Sunday, June 14, 2009

Jewish Claim To Palestine

In his widely heralded speech in Cairo, Egypt, President Obama declared:

America's strong bonds with Israel are well-known. This bond is unbreakable. It is based upon cultural and historical ties and the recognition that the aspiration for a Jewish homeland is rooted in a tragic history that cannot be denied.

Around the world the Jewish people were persecuted for centuries. And anti-Semitism in Europe culminated in an unprecedented Holocaust.


Supporters of the President assured critics that this represented admirable even-handednesss, a recognition that Israel, in addition to the Palestinians, have legitimate interests. The Palestinians have been warned that the United States recognizes that both sides must give ground.

Not exactly. Marty Peretz, publisher of The New Republic, notes Obama

chose to understand the Jewish presence in Palestine as a sort of restitution for the Holocaust.... By the time World War II--before the Holocaust, that is--began, there were already more than 500,000 Jews in Palestine. Most of them had arrived as their palpable reply to the 1917 Balfour Declaration, to the approval by the League of Nations of a British mandate for a Jewish homeland in Palestine in 1922, to the recommendations of the Peel Commission for a two-state settlement. None of this enters the president's text, not even a hint of it, perhaps because it might muddle the clarity of the equal-claim argument.

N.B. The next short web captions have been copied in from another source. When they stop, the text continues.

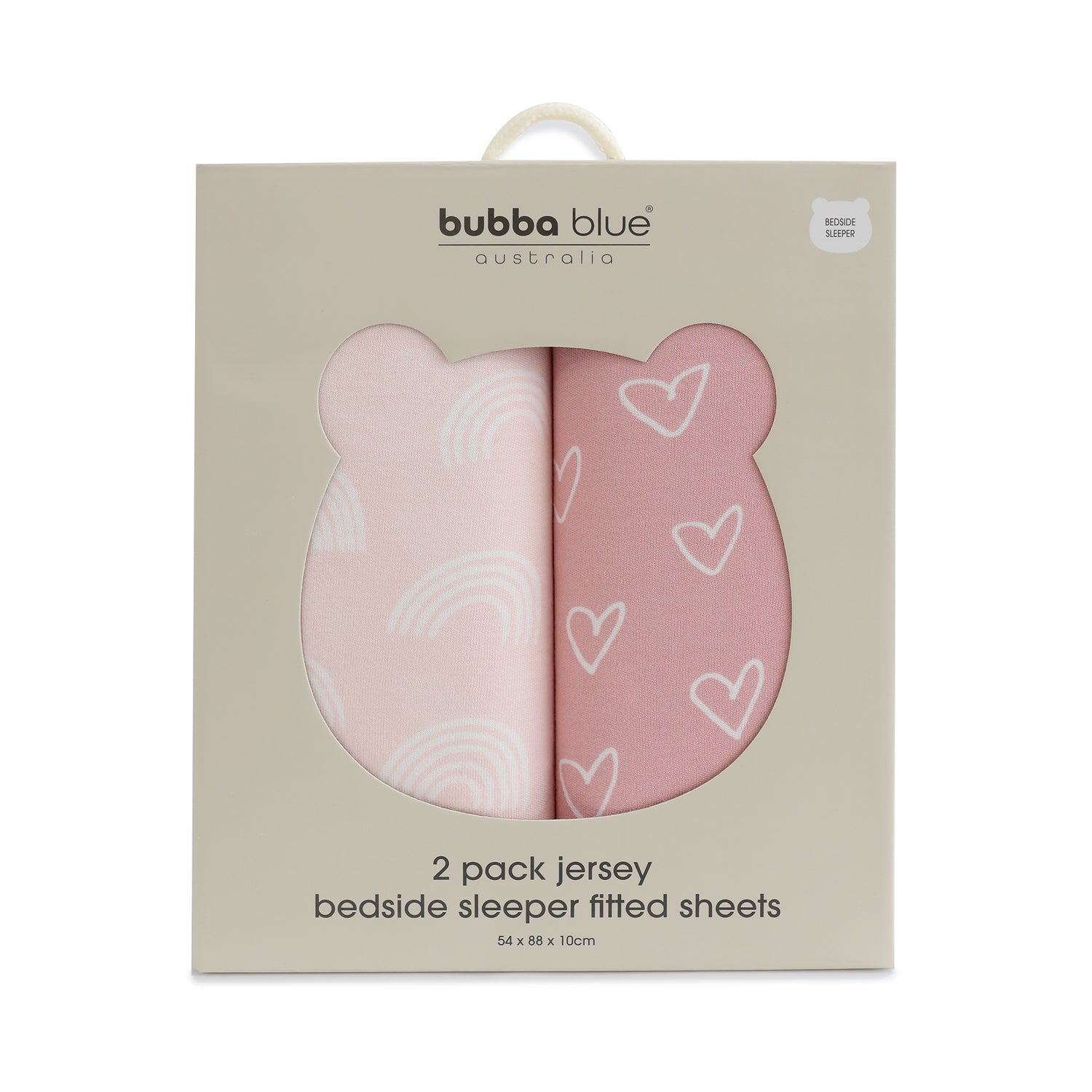 Nordic 2pk Jersey Co Sleeper/Bedside Sleeper Fitted Sheets Dusty Berry/Rose - Bubba Blue Australia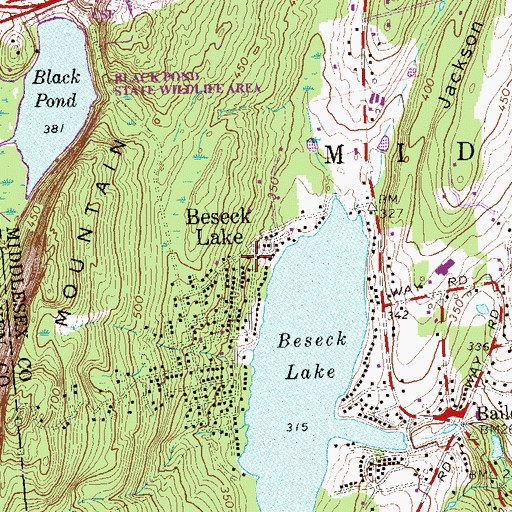 Topographic Map of Beseck Lake, CT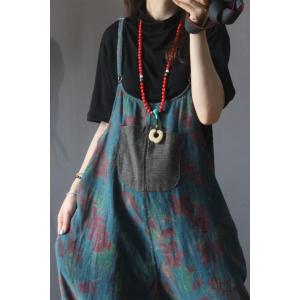 Patch Pocket Loose Printed Overalls Womens Cotton Linen Slip Dungarees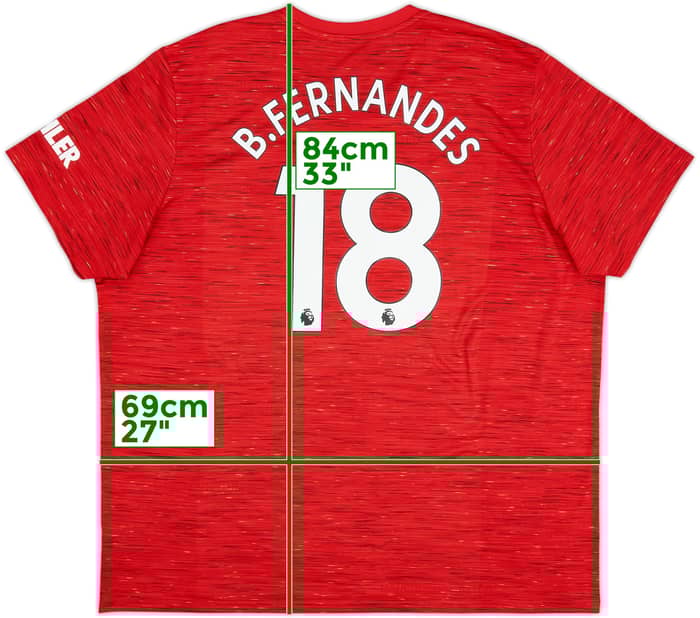 2020-21 Manchester United Home Shirt B.Fernandes #18 - 8/10 - (3XL)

This was echoed by Netanyahu in his speech Sunday, in which the Israeli Prime Minister noted

the connection between the Jewish people and the Land of Israel has lasted for more than 3500 years. Judea and Samaria, the places where Abraham, Isaac, and Jacob, David and Solomon, and Isaiah and Jeremiah lived, are not alien to us. This is the land of our forefathers.

The right of the Jewish people to a state in the land of Israel does not derive from the catastrophes that have plagued our people.

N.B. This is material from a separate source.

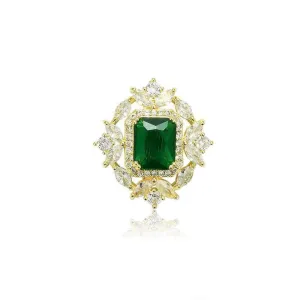 14k Gold Paved Crystal Emerald Gemstone Brooch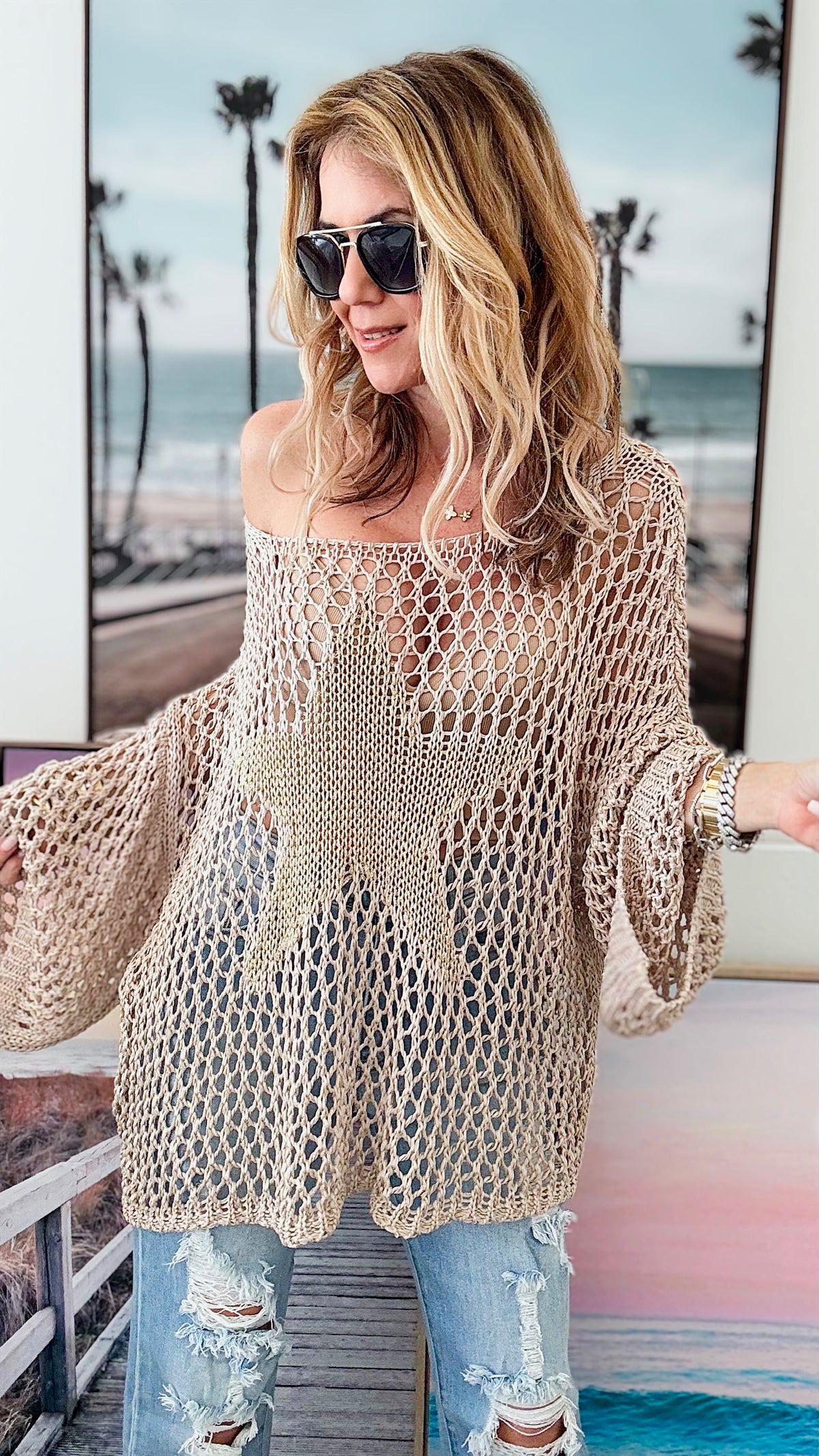 Shining Star Italian Chain Sweater - Taupe /Gold-140 Sweaters-Italianissimo-Coastal Bloom Boutique, find the trendiest versions of the popular styles and looks Located in Indialantic, FL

Of course, there are many people who would question the right of a people to territory based on a narrative from the Bible, the Old Testament in this case. Fortunately, as a Christian, Barack Obama accepts both the New Testament and the Old Testament. Surely a man who as candidate and as President has suggested a devotion to scripture, and has so often referred to it, understands and accepts this history.